Long waiting times, natural disasters and mistakes happen. How you handle it will determine the customer’s loyalty.
Make your goal clear to your employees ( management by objectives ), establish guidelines and give your team freedom to find the right solution. By cutting out obstacles and simplifying the resolution process , customers may feel more inclined to stay with you.
For example, when something goes wrong or the customer has to endure a long wait, skip the scripted response and give the customer something of value. Whether it’s a free upgrade or replacement item, show the customer that you’re willing to immediately own up to your shortcomings.
How to bend the rules but maintain control
To keep everything profitable and organized, give your team a budget or limit for bypassing the rules. If an agent exceeds his budget, you can analyze his individual decision cases. Is the agent too lenient? Are your policies too strict or unintelligible? Or is everything okay as it is and exceeding the budget was merely a statistical outlier?

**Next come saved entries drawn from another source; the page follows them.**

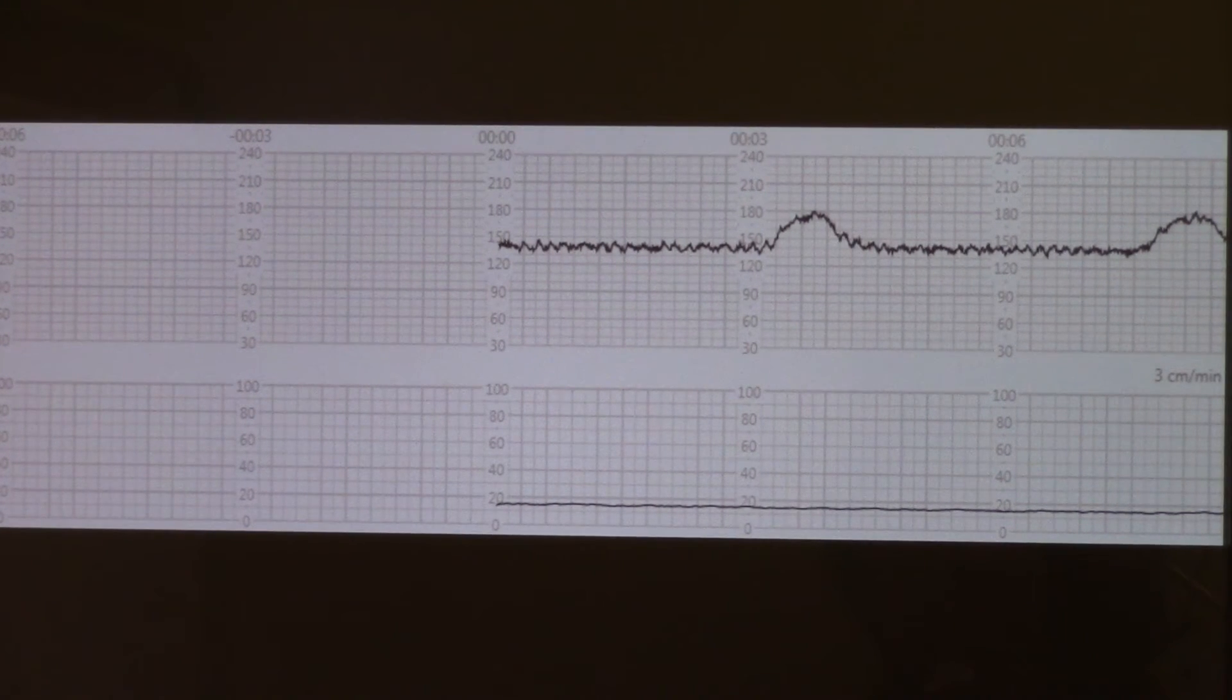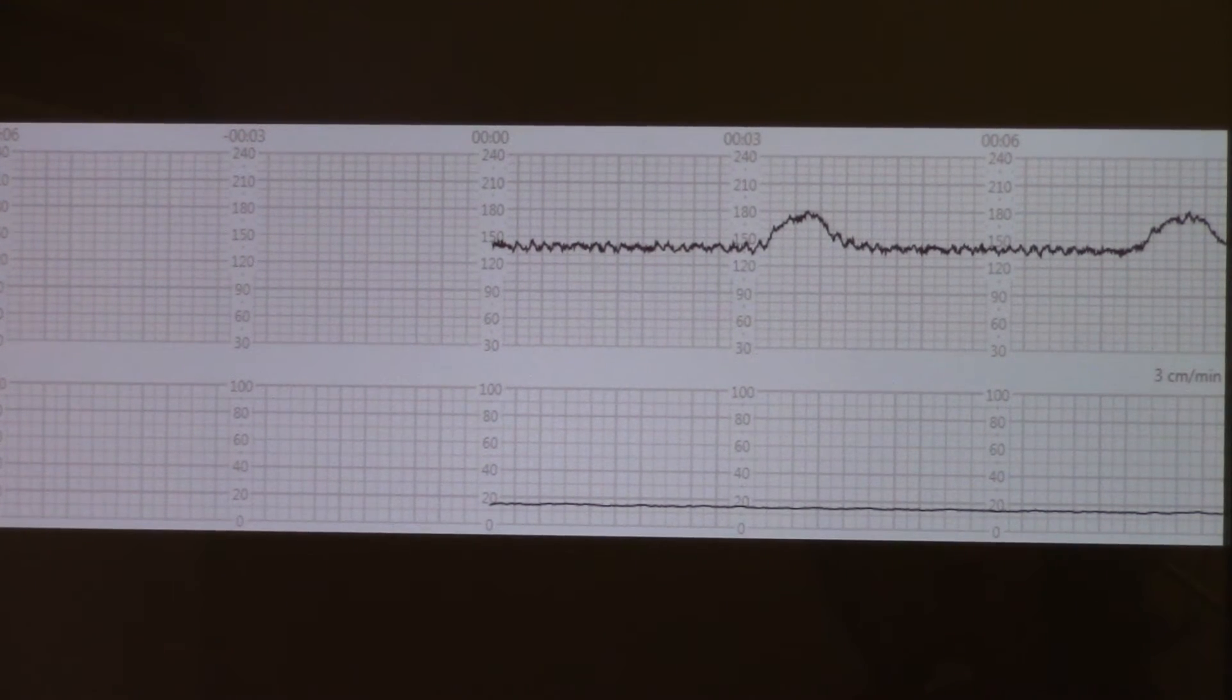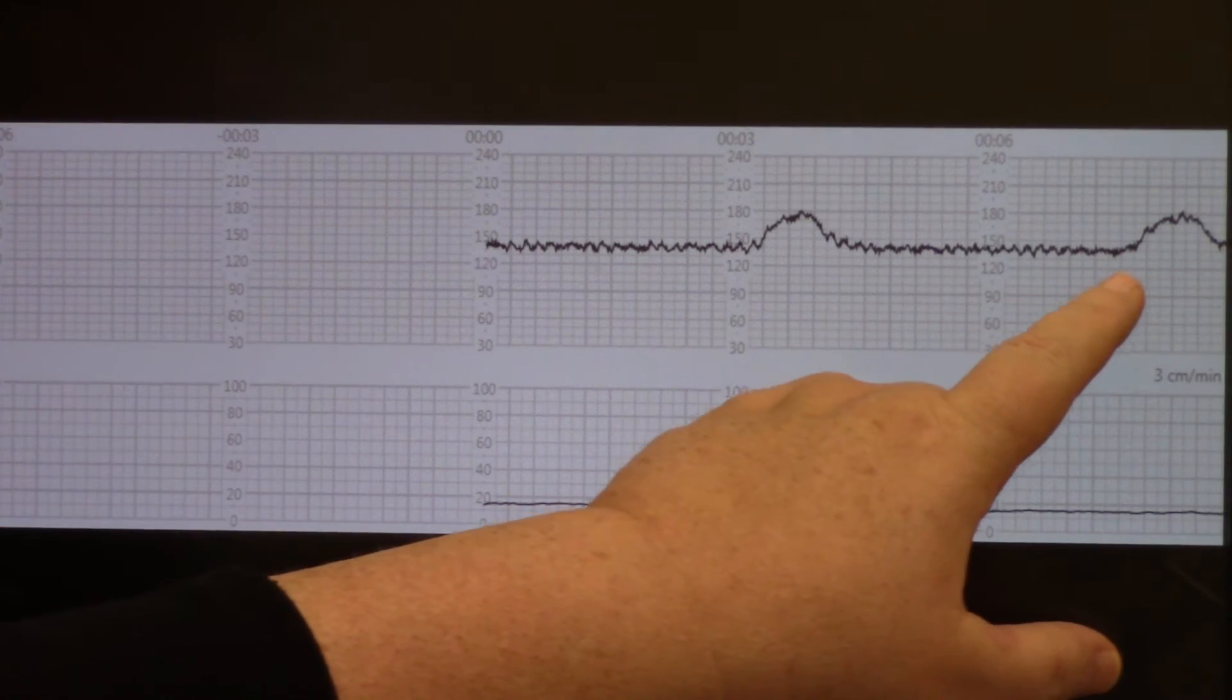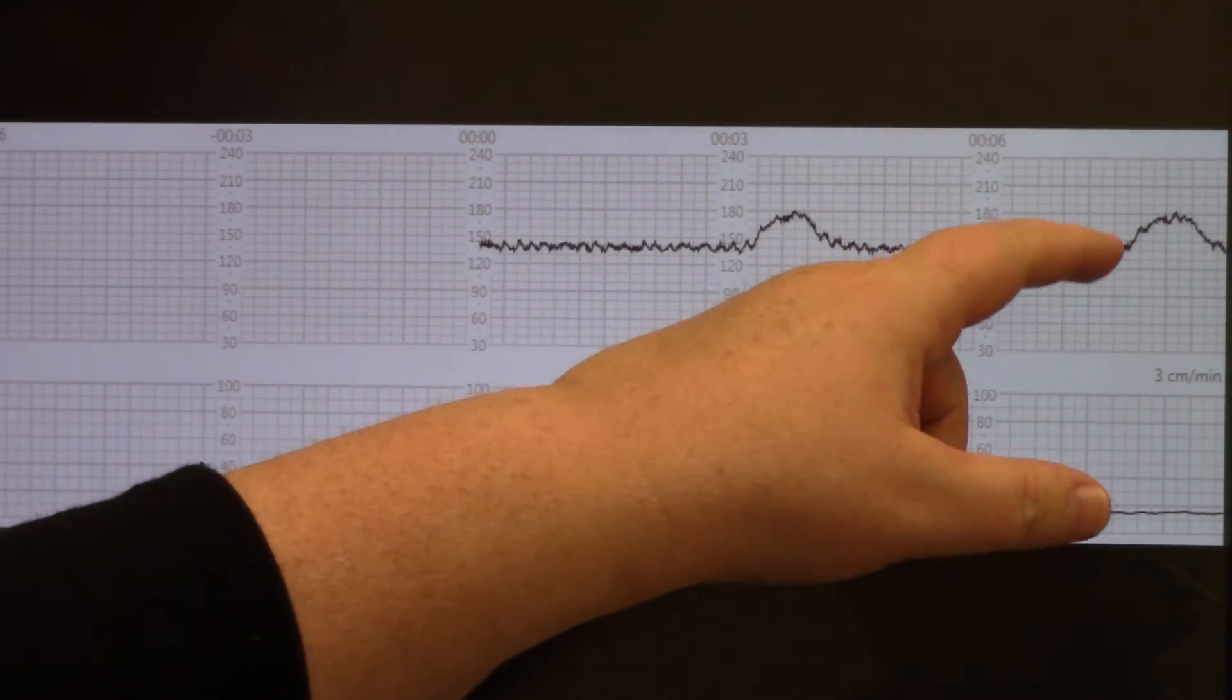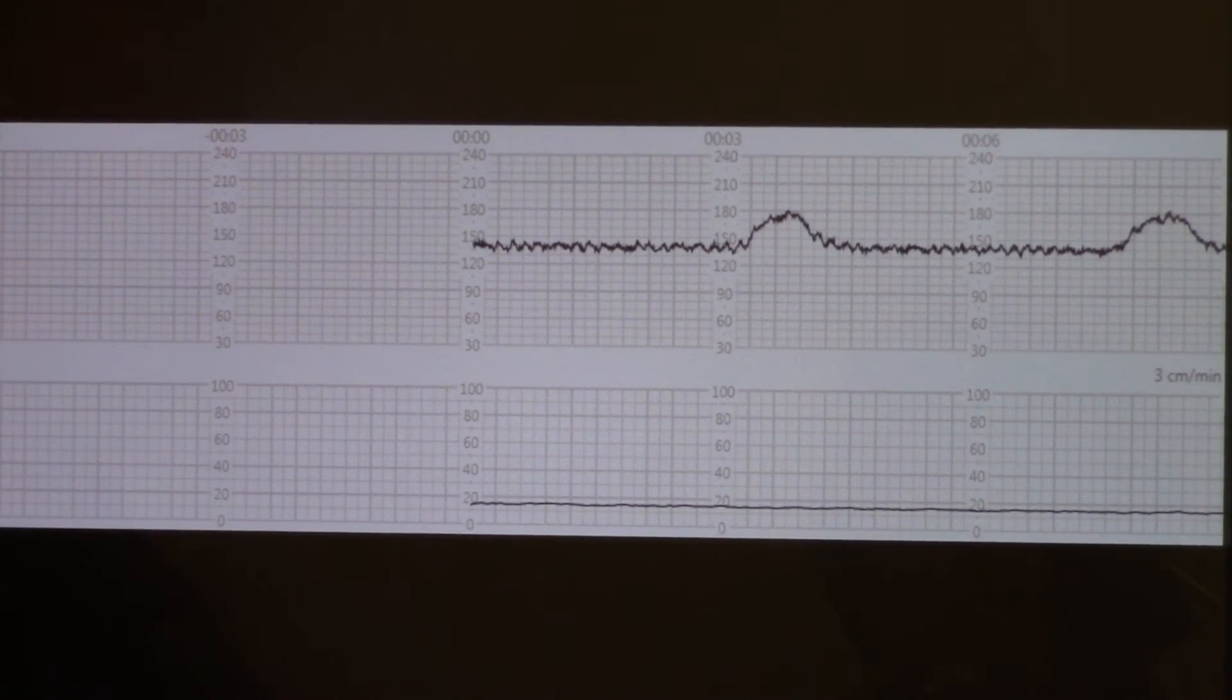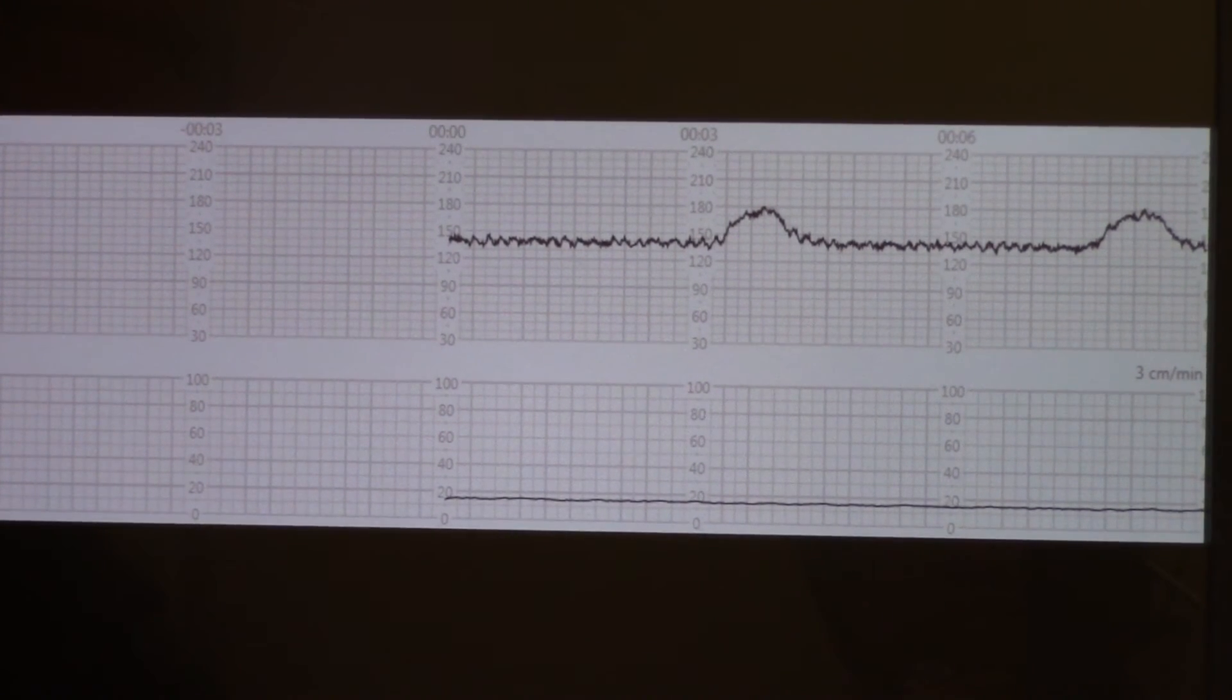This one definitely met our criteria. It definitely elevated more than 15 beats and definitely lasted more than 15 seconds. You can see that this one lasted 10, 20, 30, 40, 50, 60 seconds again. It elevated from 140s to 180s. That was an elevation of 40 beats for 60 seconds. Definitely meets our criteria for a reactive non-stress test.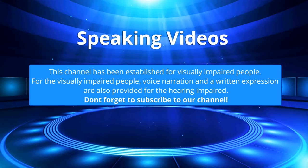This channel has been established for visually impaired people. For the visually impaired people, voice narration and written expression are also provided for the hearing impaired. Don't forget to subscribe to our channel.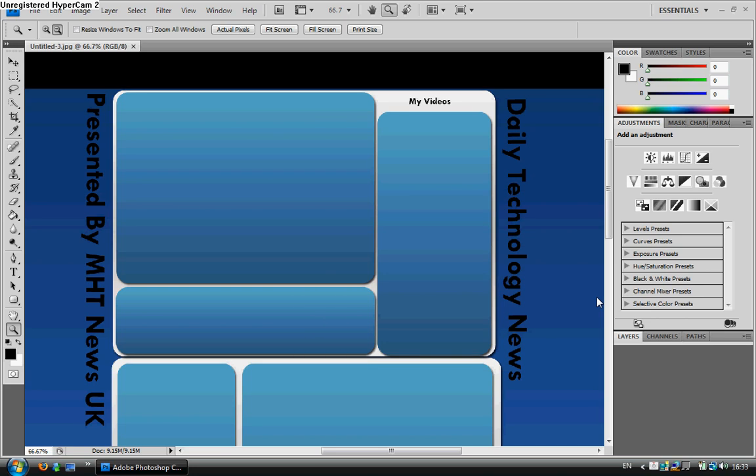Hello and welcome to the 21st episode of MrHTMLTeacher. In today's episode I'm going to be showing you how to create your very own YouTube background.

Perhaps your terms and conditions are unclear for customers, or your agent bent the rules for a slew of long-term customers as a favor to their loyalty. The situations can be complex.
You and your team can come up with solutions based on these customer interactions to minimize confusion and financial loss. Live chat makes it simple to keep track of customer conversations and look for trends when setting your rule bending budget.
Bend the rules a little to show that your company cares a lot
Behaving like the strict manager in my story risks hurting your business and turning customers off from your product or service.
But when you see issues from the customer’s perspective, you humanize your company and build long-lasting trusting relationships. Retain and earn customers by showing that you genuinely care and are willing to find a reasonable solution.